Point de vue d'Emily
Le temps semblait ralentir. J'avais l'impression que mes oreilles et ma gorge étaient bouchées de coton, car tout à coup, je ne pouvais plus respirer, et chaque son arrivait étouffé. Tout autour de moi était flou, ma tête tournait.
Enceinte.
J'étais enceinte de l'enfant de Clayton.
Le monde semblait s'être arrêté.
Pendant un long moment, tout a disparu ; la chambre d'hôpital, le médecin, le lit dans lequel j'étais.
Il n'y avait que moi… et le bébé en moi.
Mon bébé.
Mon… mon enfant.
Je voulais être mère depuis que j'étais petite ; j'avais passé des jours et des nuits à rêver de mes futurs enfants, et du compagnon qui les concevrait. Si quelqu'un m'avait dit, à l'époque, que je finirais liée à un monstre et que je perdrais tout désir de tenir un bébé dans mes bras, je lui aurais ri au nez.
Maintenant, ce n'est plus le cas.
Mon esprit et mon cœur sont restés vides d'émotion pendant un moment ; puis ils se sont remplis de peur, d'angoisse, et d'une forte détermination.
Pas ce bébé.
Ma voix et celle de ma louve se sont mêlées en une seule dans mon esprit, et je savais ce que je devais faire.
Je ne pouvais pas laisser cet enfant avoir Clayton pour père.
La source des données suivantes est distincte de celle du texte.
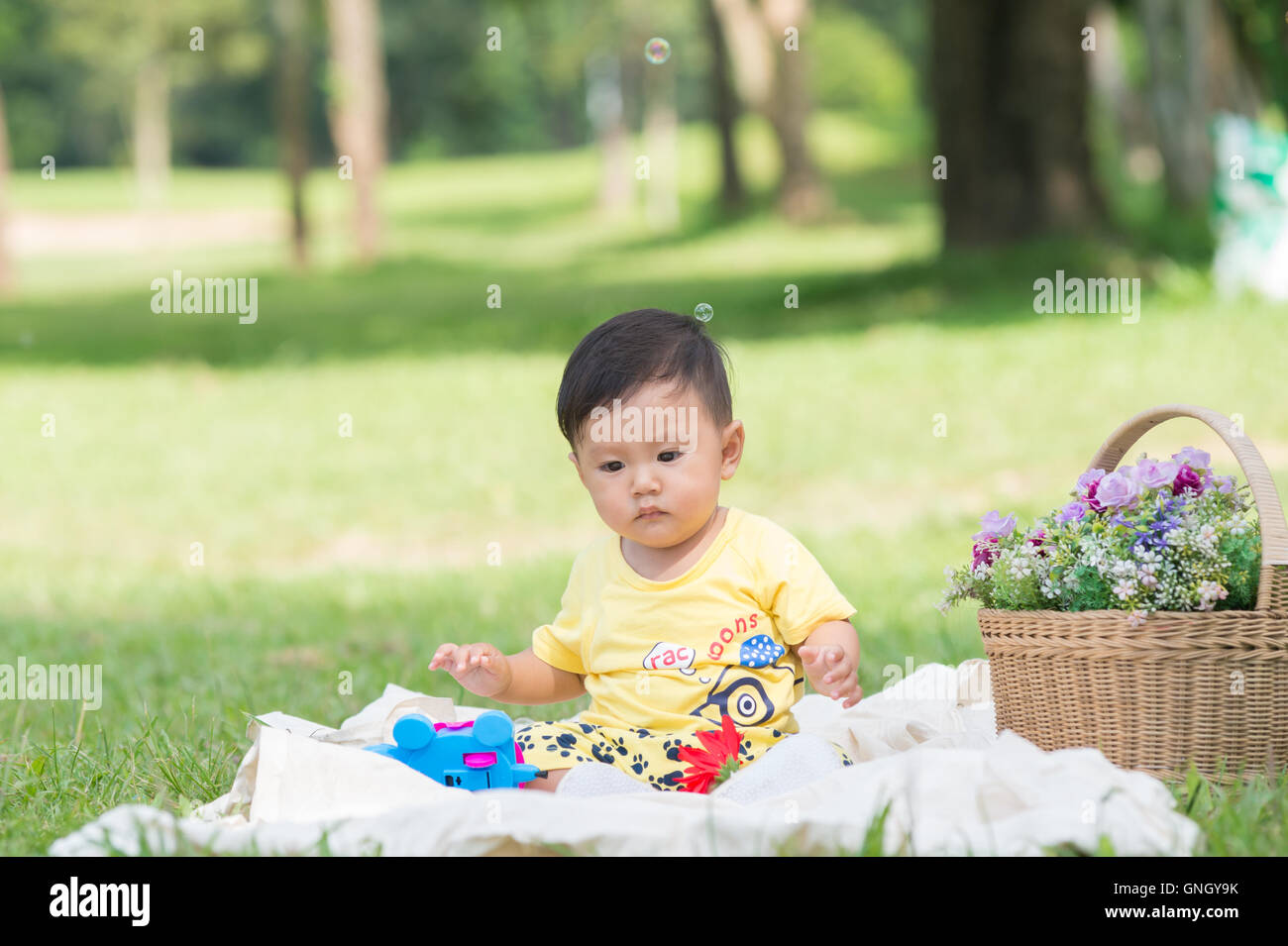 Asia Baby Boy en el pasto verde en el parque , Chiangrai Tailandia Foto de stock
Je ne pouvais pas le laisser grandir dans un environnement aussi toxique et dangereux que celui-ci, qui ne serait qu'une parodie de la famille.
Je n'avais jamais ressenti une telle détermination et certitude dans ma vie ; c'était une certitude qui vivait maintenant profondément dans mes os, et qui me forçait à faire quelque chose, n'importe quoi, pour assurer la sécurité de mon bébé.
Je ne pouvais pas laisser ma peur de Clayton m'arrêter une fois de plus. À ce moment-là, la peur de l'avenir de mon bébé avec Clayton pour père a surpassé celle que je ressentais envers mon mari ou ma propre vie.
Mes instincts de survie, qui étaient restés cachés pendant quatre ans, se sont réveillés, et je me suis forcée à sourire comme toute femme à qui l'on vient d'annoncer qu'elle va être maman.
"Êtes-vous sûr ?" j'ai demandé au médecin.
"Absolument," il a dit en souriant avec empressement. "J'ai fait le test sanguin trois fois, juste pour être sûr à cent pour cent. Vous êtes enceinte."
Je ne peux pas laisser ce médecin l'apprendre, j'ai pensé. Je dois agir comme si tout allait bien.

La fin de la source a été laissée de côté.